I don’t have a teenager. But I was once a teenager and therefore am afraid to have one! Being a teenager today is a lot different than it was for me. I don’t know if it’s harder or easier, it’s just different. By the time I graduated high school, I still had friends who only had one computer per household. I was still told to write my research papers in a library using the Dewey decimal system and the large Encyclopedia Britannica’s. In fact when I graduated high school, my mother still had her encyclopedia collection on the bookshelf for quick reference. Everyone had dial up and AOL and NetZero were battling it out. I only knew two people in school who texted and only 20 people who actually had cell phones. I was included in that, but that was only because I travelled often with my speech and debate team, and that was usually when I used the phone the most. Almost everyone else who had one, had one because they had a car and they usually kept their phone in there. LOL! Times were different! We had information, but not at our finger tips. There was no twitter or CNN Breaking News texts. And yet, we still got all the basics. Everything we needed to know to be educated, responsible citizens was made available to us. Sex was still a mystery to all of us, really. Sure we might have stayed up late at sleep overs and watched Cinemax with the sound off. We thought we were grown ups by sneaking up to Mulholland Dr. and necking in the back of cars. Then there was getting to second base at the back of the movie theatre. Next to the hollowed out human body with the parts that would fall out as soon as you touched it in Science & Health class, and the demonstration of how to put a condom on by your extremely old health teacher who didn’t look like he had ever had sex in his life… this was the extent of our sex education.
Now? Kids are sexting and take graphic photos to post on their social media pages. Our television and music have lost the idea of innuendo and just throw sex in our faces. You can get cosmetic enhancements for a discount to lure in a sexual partner. The teen pregnancy rate has gone up since I graduated 11 years ago. Why? I actually don’t understand why. These kids have access to information on STD’s right there at their finger tips, burning up their smart phones? Yet, if you ask the average teenager after contracting a disease or getting pregnant, they totally don’t understand how they to where they are. A lot of kids don’t event think that AIDS or HIV still exists. A 16 year old once told me that AIDS stopped spreading “way back in the day…like ’93 or something!” HUH?! Well he also didn’t know that the We Are The World featuring Justin Bieber was a remake of the Lionel Ritchie/Michael Jackson/Quincy Jones classic. He also didn’t know what the apartheid was! Frightened yet? Yea, He really didn’t understand why I was trying to talk to him about AIDS. Most people believe that the numbers on contracting the disease have gone down…but really they’ve just changed. People keep saying, “It’s not so much an epidemic anymore!” But that’s only because people are not immediately dying off. People are now able to live with it, but it’s not cured. It hasn’t gone away! The scary part is that there are adults that believe that as well! Or that there is a cure. Or that it just simply will never affect them because of the people they choose to partner with.
Saturday December 1st is World AIDS Day and it’s been about 31 years since HIV/AIDS has taken over our worlds and it’s time to reintroduce it! Re-educate! Re-learn what the AIDS Virus really is. Maybe because we were on the heels of the initial widespread panic and personally witnessed people drop like flies because of it, that my generation understood and respected the disease. Now? It’s been forgotten. It truly has become the silent killer.
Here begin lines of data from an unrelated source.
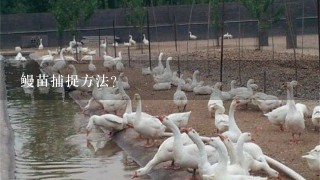 鳗苗捕捉方法？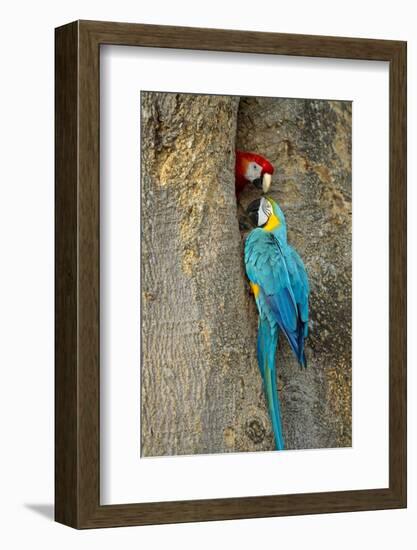 Blue and Gold Macaw with Scarlet Macaw, Costa Rica-null-Framed Photographic Print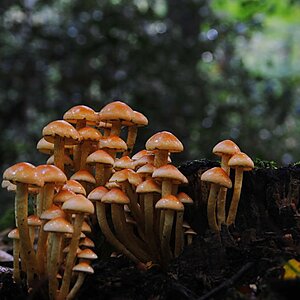 im Rimburgerwald 10.09.12 (5)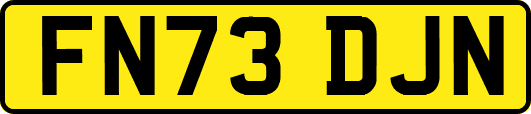 FN73DJN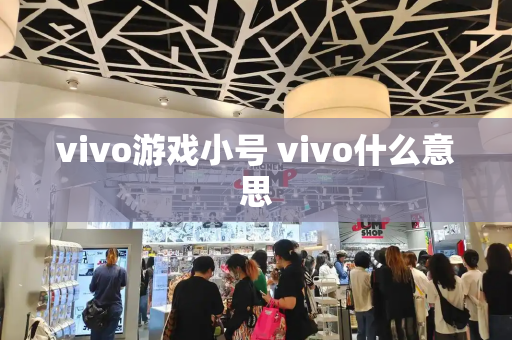 vivo游戏小号 vivo什么意思
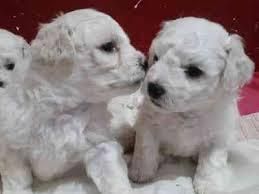 bichon frise hembritas y machitos cachorritos
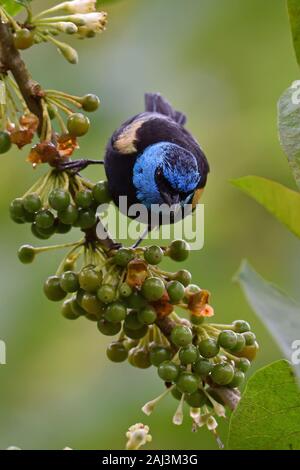 Eine Blue-Necked Tanager essen eine Barries im Amazonas Regenwald Stockfoto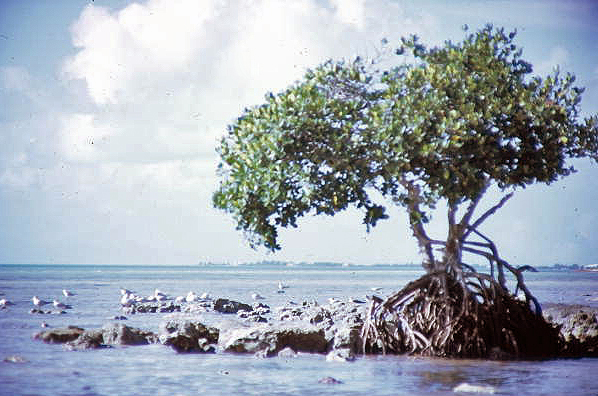 Trees at Long Key State Park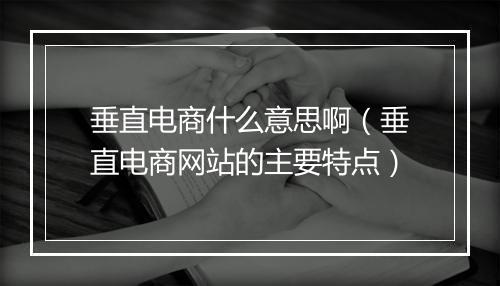 垂直电商什么意思啊（垂直电商网站的主要特点）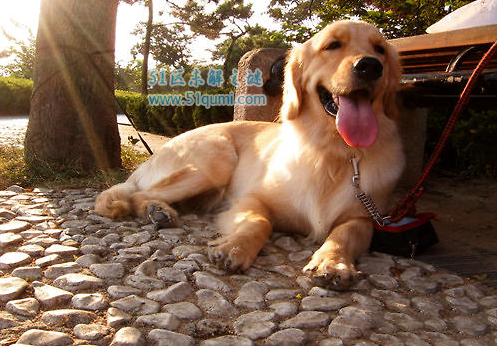 最爱运动的狗狗排名 充满激情和活力的"运动健将"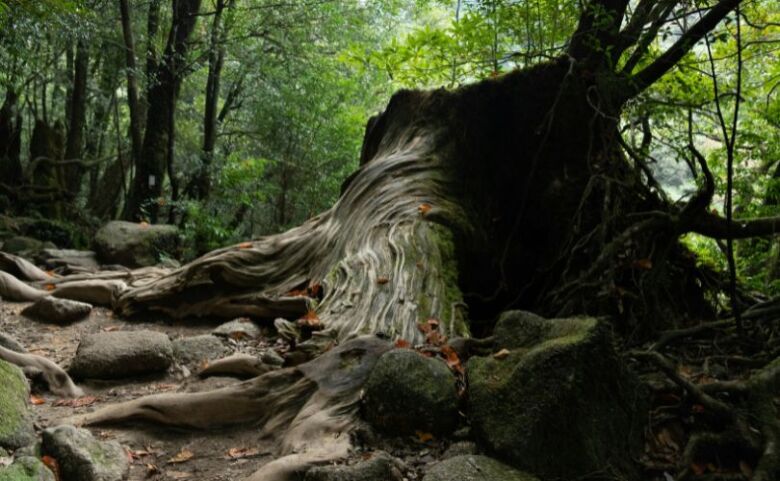 屋久島でカフェ巡りが人気の理由
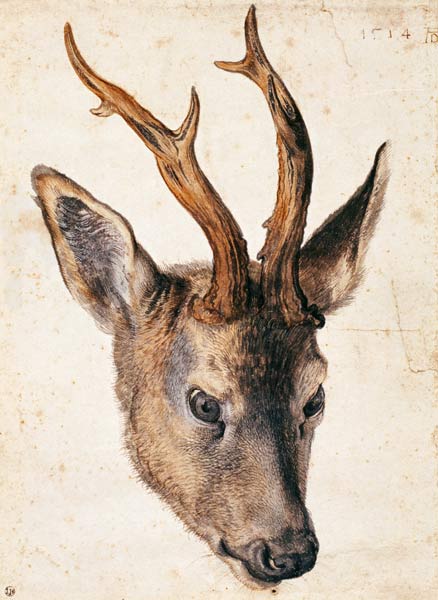 Testa di un cervo a Albrecht Durer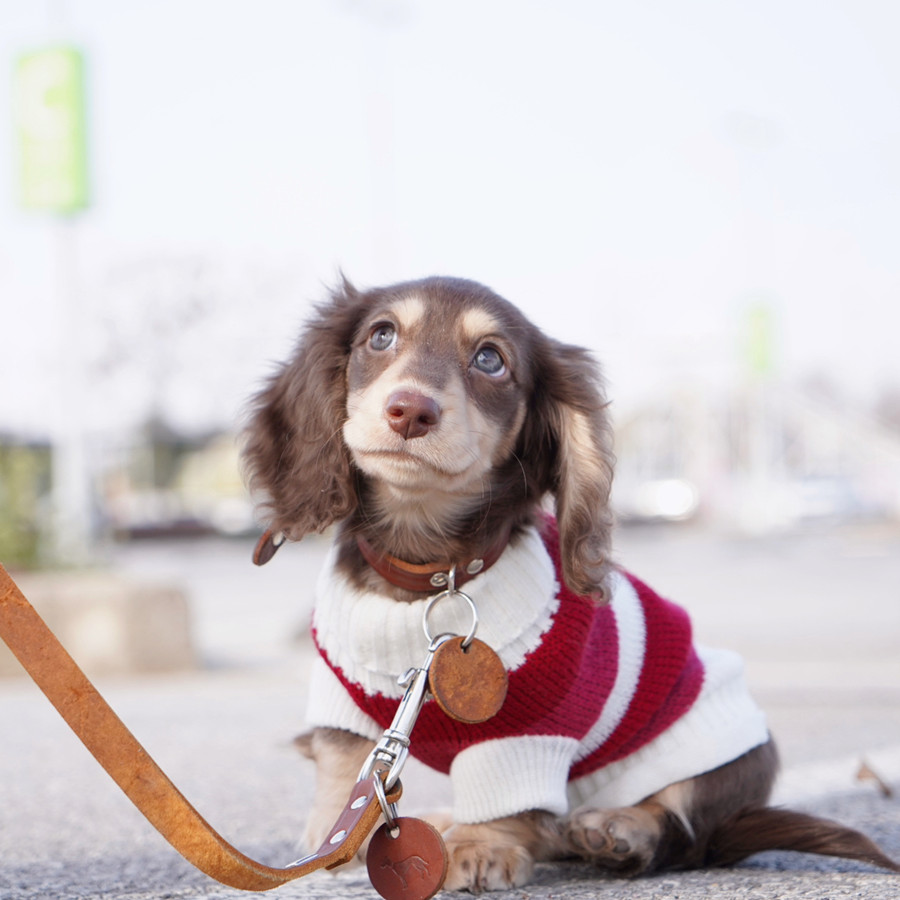 Sausage Dog Clothes Small Dog Cat Warm Thickened Sweater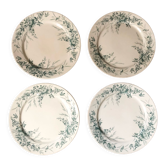 4 plates iron earth Linnet with birds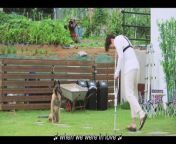 Love is like a cat Ep 8 Engsub from tec cat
If you have teenage children who are either sexually active or will be soon and you live in Los Angeles, I suggest heading down to the West Hollywood Library for One’s AIDS at 31: Looking Back/Looking Forward exhibit. It’s a look at the disease and how it has and continues to effect our culture. Our kids need to understand what HIV/AIDS meant in the 80’s, the 90’s and what it means to today. Maybe you’re not ready to talk with your kids about sex and AIDS, well, they’re not ready to deal with the responsibilities that come with having sex. But they are still having it! So arm them with a little more knowledge, a little more power! If my son were old enough to understand disease, I would take him to this event. We’d walk through the exhibit & watch the films. Then I would take him to dinner and talk to him about what he saw, what he knows and answer any questions (no matter how uncomfortable) he has to the best of my ability. AIDS is still killing and it doesn’t discriminate! This is something that I am very passionate about. Not just as a mother, but as a daughter, niece, friend, cousin, lover… Yes, my family has been personally afflicted by AIDS. But my community has been devastated by this disease. I could be next. My son could be next. My mother or my brother. Anyone. You, reading this. People shouldn’t still be dying from this disease. It can be helped! It can be killed…with education! It starts with our babies. This generation can change all of that! Help your children save themselves! Silence & fear can be a killer!